== AIM OF THE EXERCISE ==
Write out, exactly and in full, the records given below, but not their pictures.

== DATA EXTRACT ==
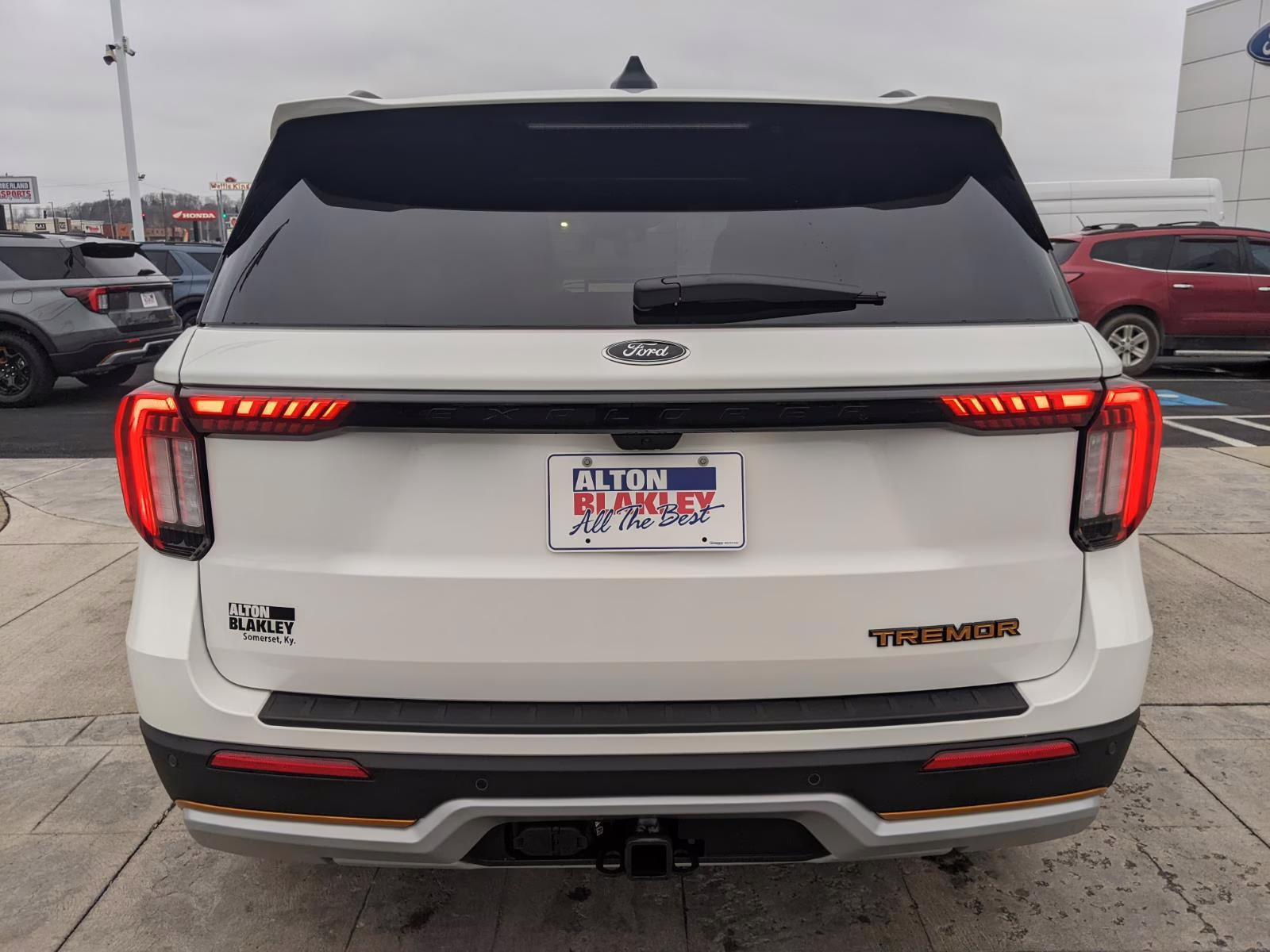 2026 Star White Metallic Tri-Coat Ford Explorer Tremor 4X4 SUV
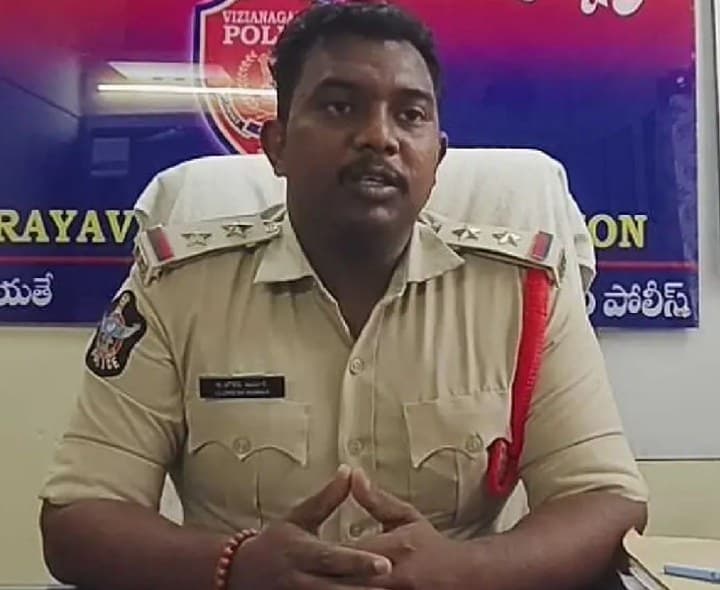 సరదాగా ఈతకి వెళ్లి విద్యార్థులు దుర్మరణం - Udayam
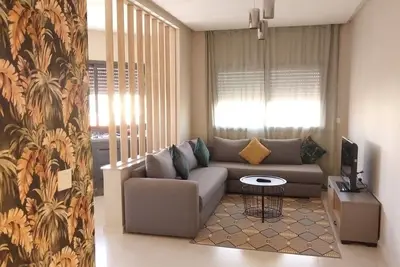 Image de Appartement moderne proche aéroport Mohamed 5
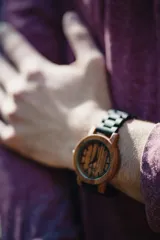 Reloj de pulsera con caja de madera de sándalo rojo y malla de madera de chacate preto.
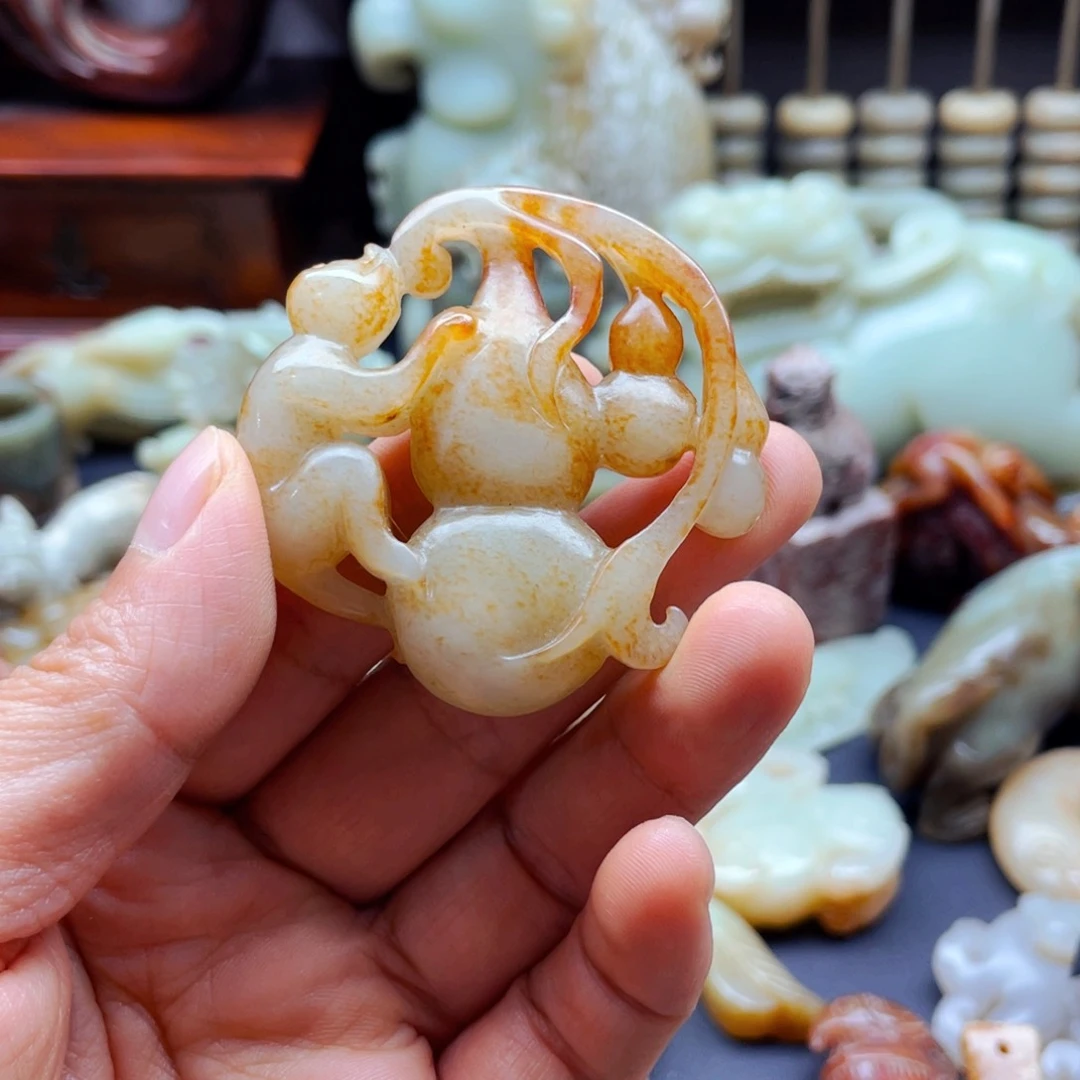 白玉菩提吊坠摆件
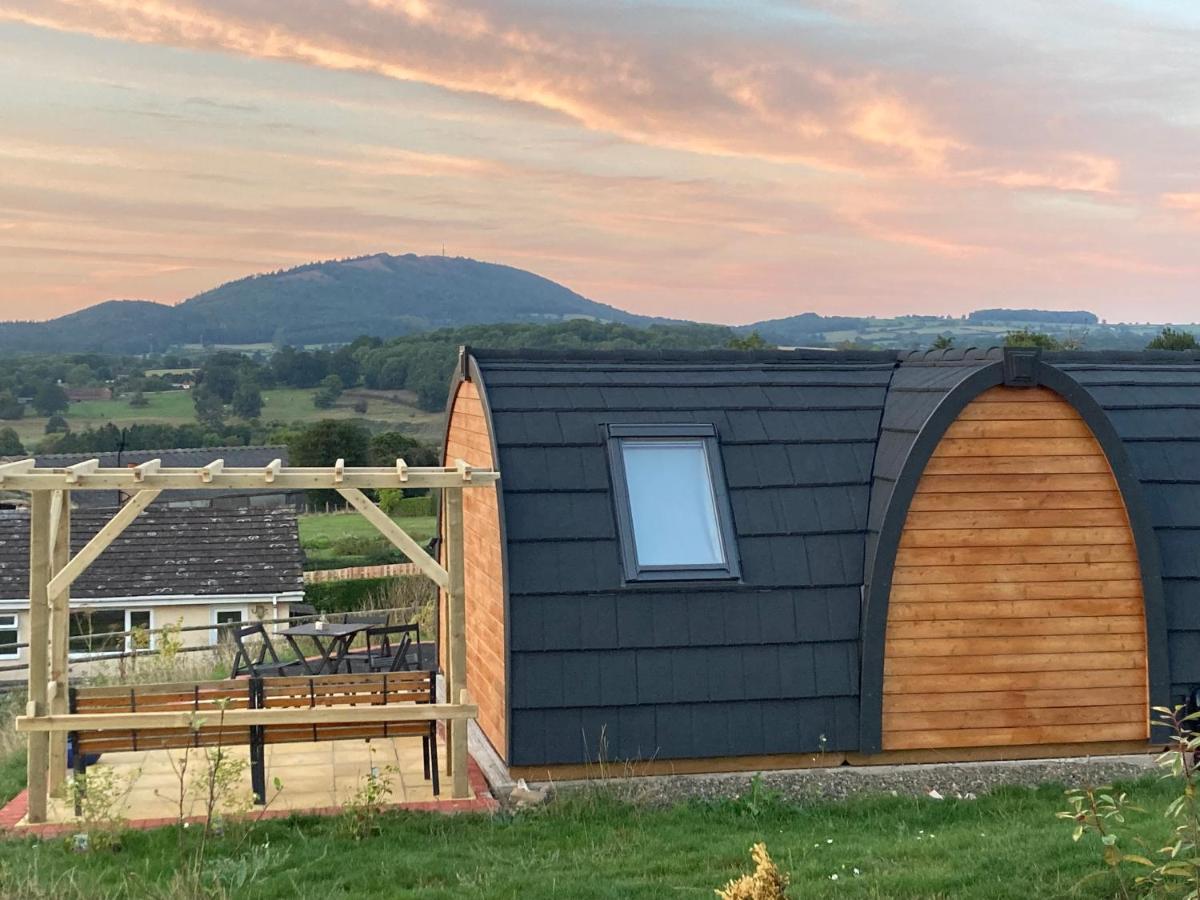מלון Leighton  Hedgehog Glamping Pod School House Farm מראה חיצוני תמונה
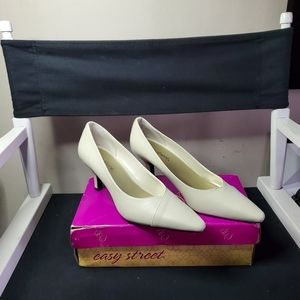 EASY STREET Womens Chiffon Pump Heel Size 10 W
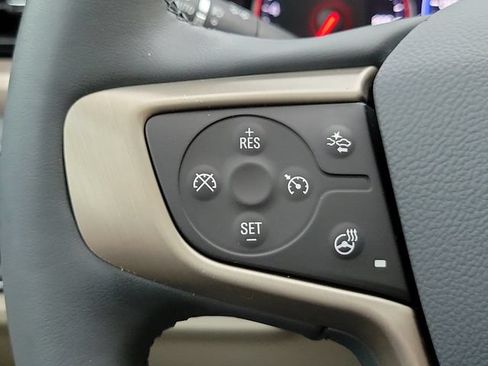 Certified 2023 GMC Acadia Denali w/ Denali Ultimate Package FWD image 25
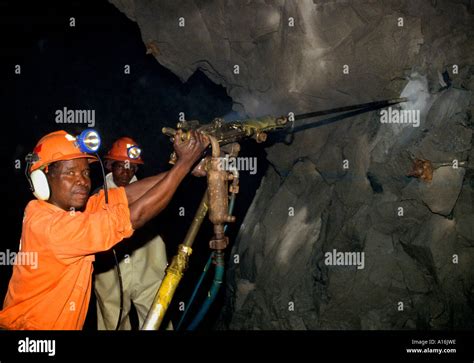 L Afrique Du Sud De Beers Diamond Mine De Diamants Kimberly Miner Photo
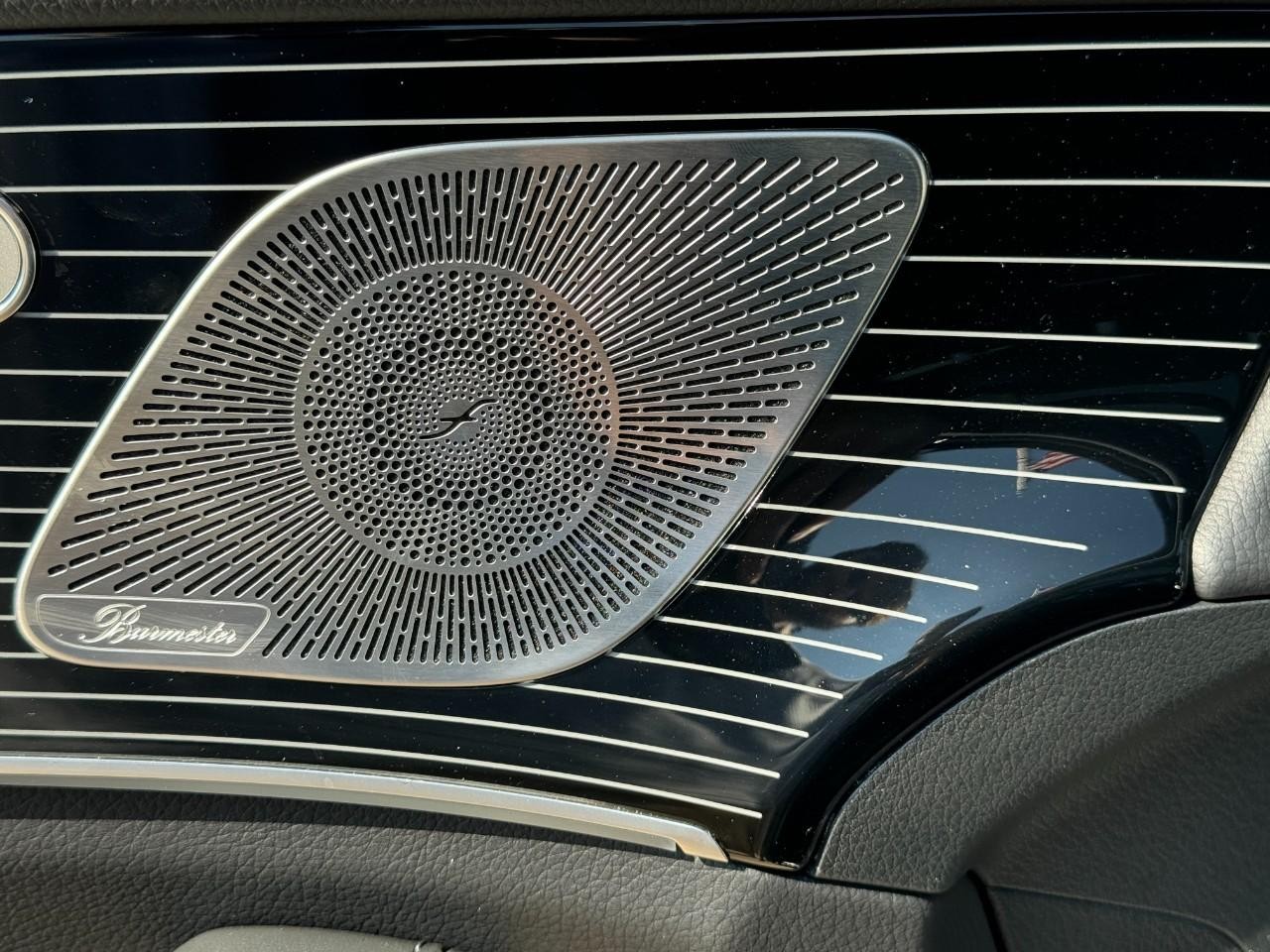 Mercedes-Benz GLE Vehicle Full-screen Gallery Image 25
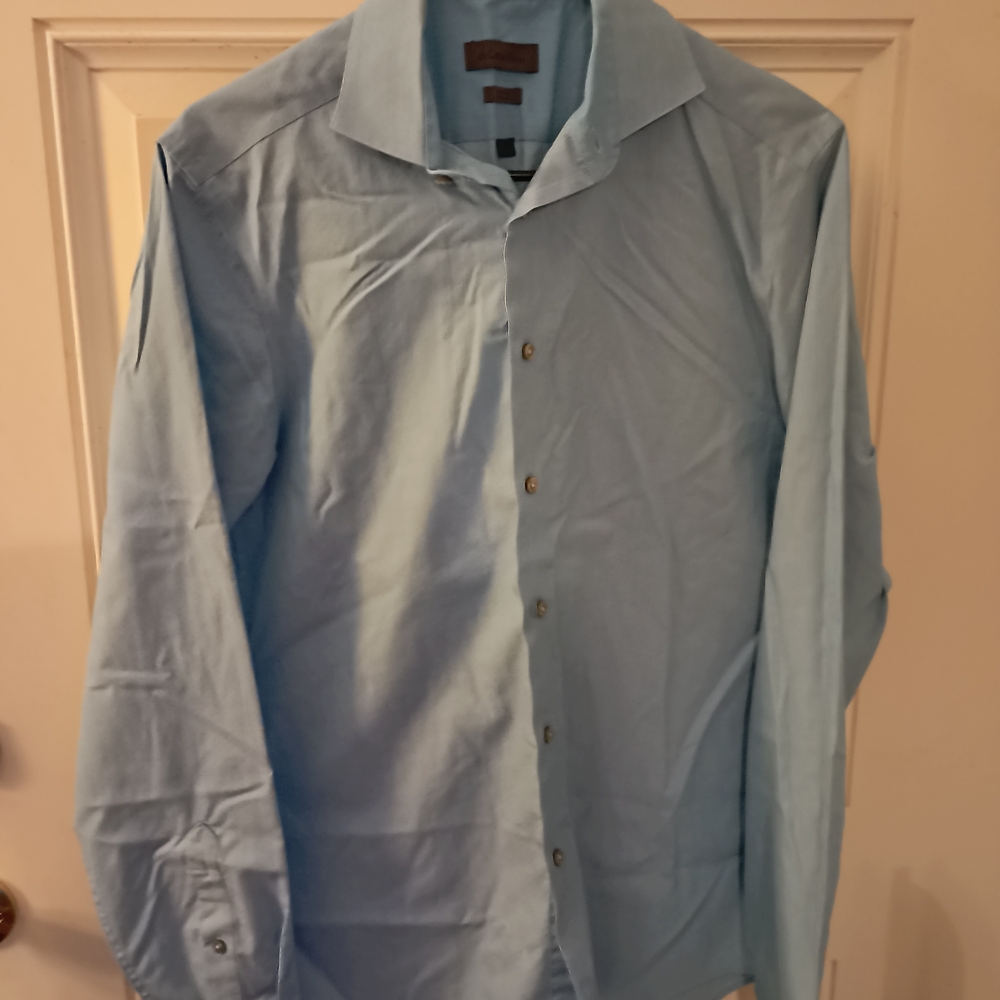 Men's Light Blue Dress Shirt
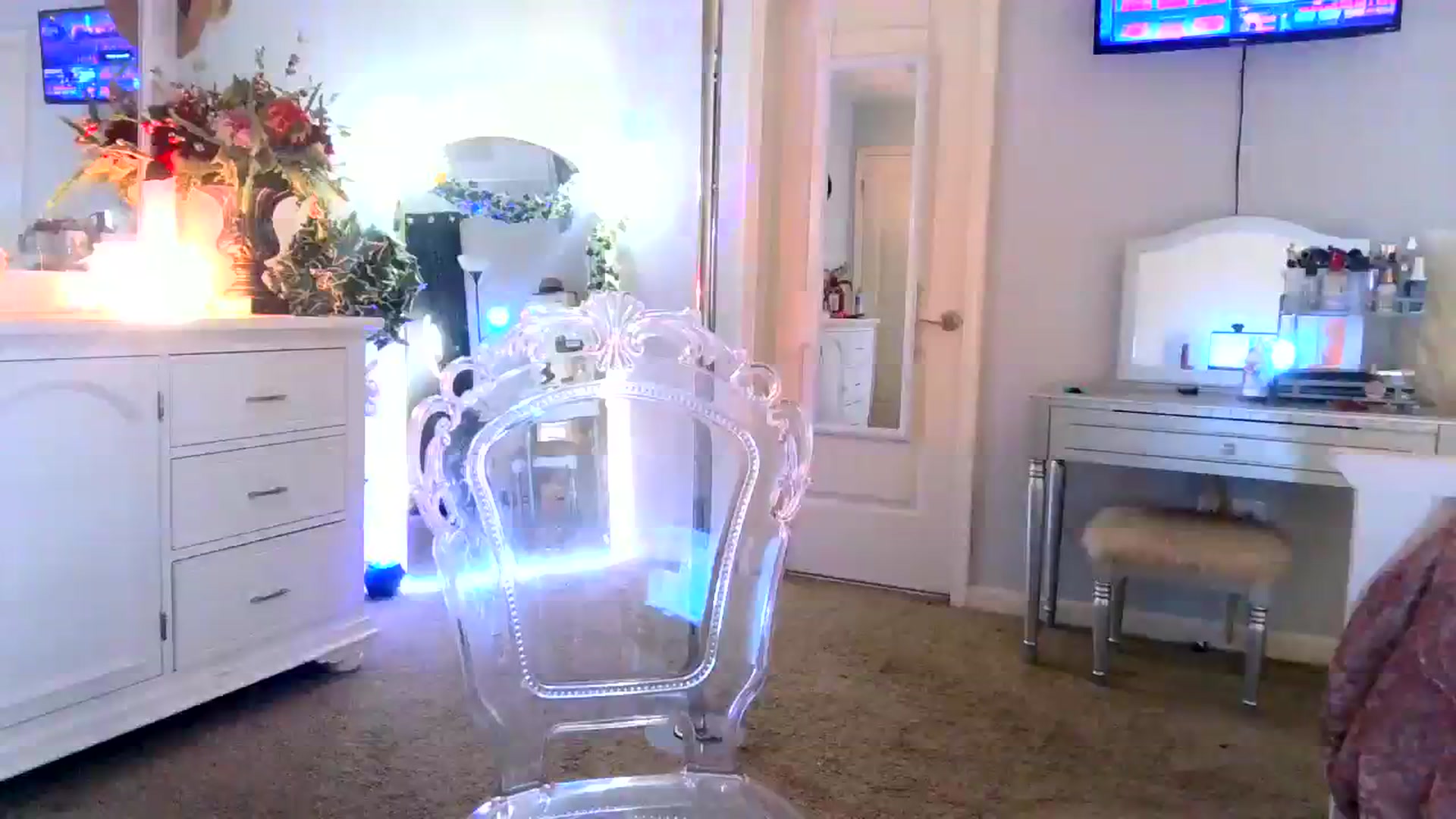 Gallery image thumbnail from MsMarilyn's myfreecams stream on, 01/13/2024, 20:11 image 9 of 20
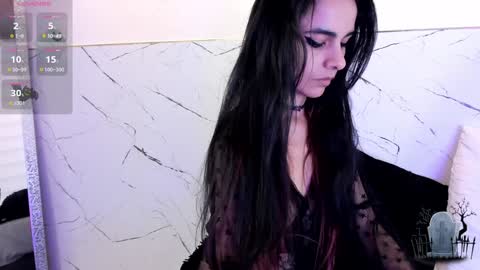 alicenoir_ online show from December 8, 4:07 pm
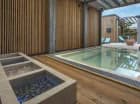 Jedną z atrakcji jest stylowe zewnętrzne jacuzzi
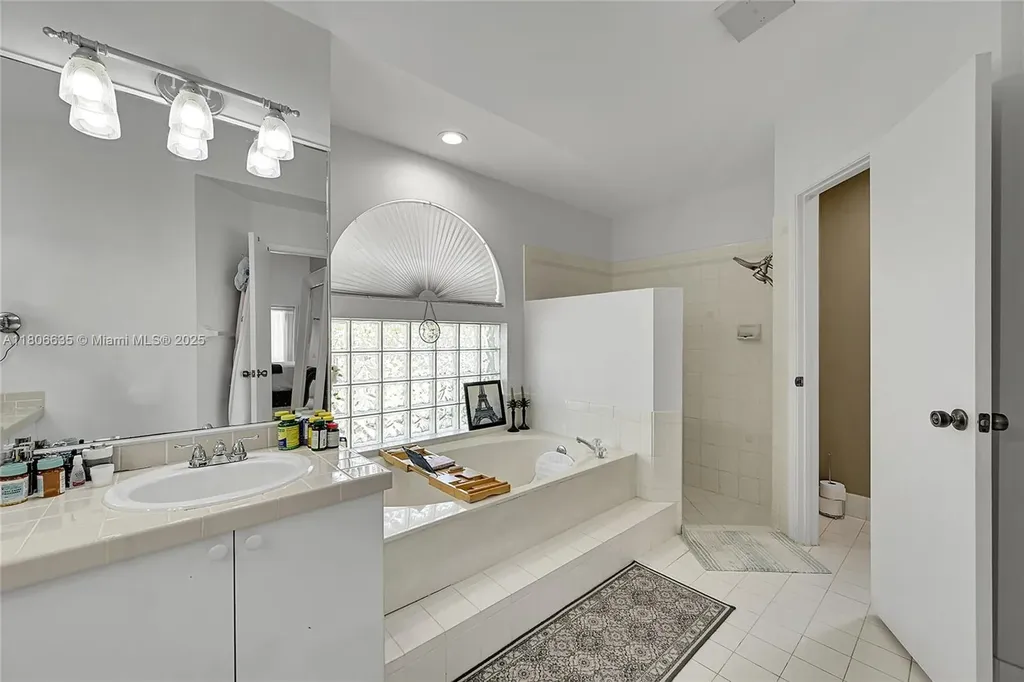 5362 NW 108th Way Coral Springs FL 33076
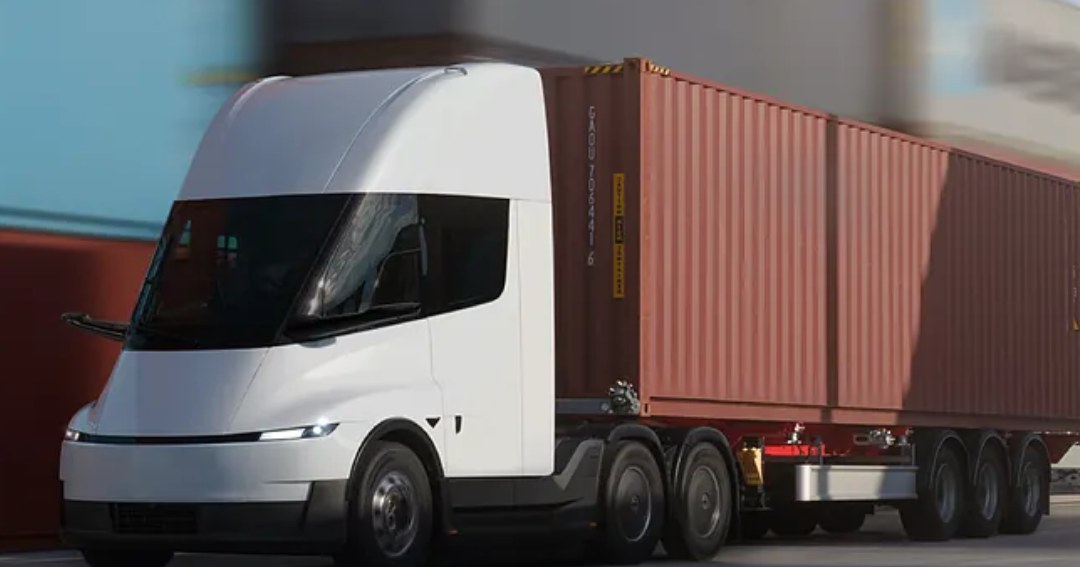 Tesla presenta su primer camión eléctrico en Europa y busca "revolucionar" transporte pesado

== WRITTEN ANSWER ==
 2026 Star White Metallic Tri-Coat Ford Explorer Tremor 4X4 SUV
 సరదాగా ఈతకి వెళ్లి విద్యార్థులు దుర్మరణం - Udayam
 Image de Appartement moderne proche aéroport Mohamed 5
 Reloj de pulsera con caja de madera de sándalo rojo y malla de madera de chacate preto.
 白玉菩提吊坠摆件
מלון Leighton  Hedgehog Glamping Pod School House Farm מראה חיצוני תמונה
 EASY STREET Womens Chiffon Pump Heel Size 10 W
 Certified 2023 GMC Acadia Denali w/ Denali Ultimate Package FWD image 25
 L Afrique Du Sud De Beers Diamond Mine De Diamants Kimberly Miner Photo
 Mercedes-Benz GLE Vehicle Full-screen Gallery Image 25
 Men's Light Blue Dress Shirt
 Gallery image thumbnail from MsMarilyn's myfreecams stream on, 01/13/2024, 20:11 image 9 of 20
 alicenoir_ online show from December 8, 4:07 pm
 Jedną z atrakcji jest stylowe zewnętrzne jacuzzi
 5362 NW 108th Way Coral Springs FL 33076
 Tesla presenta su primer camión eléctrico en Europa y busca "revolucionar" transporte pesado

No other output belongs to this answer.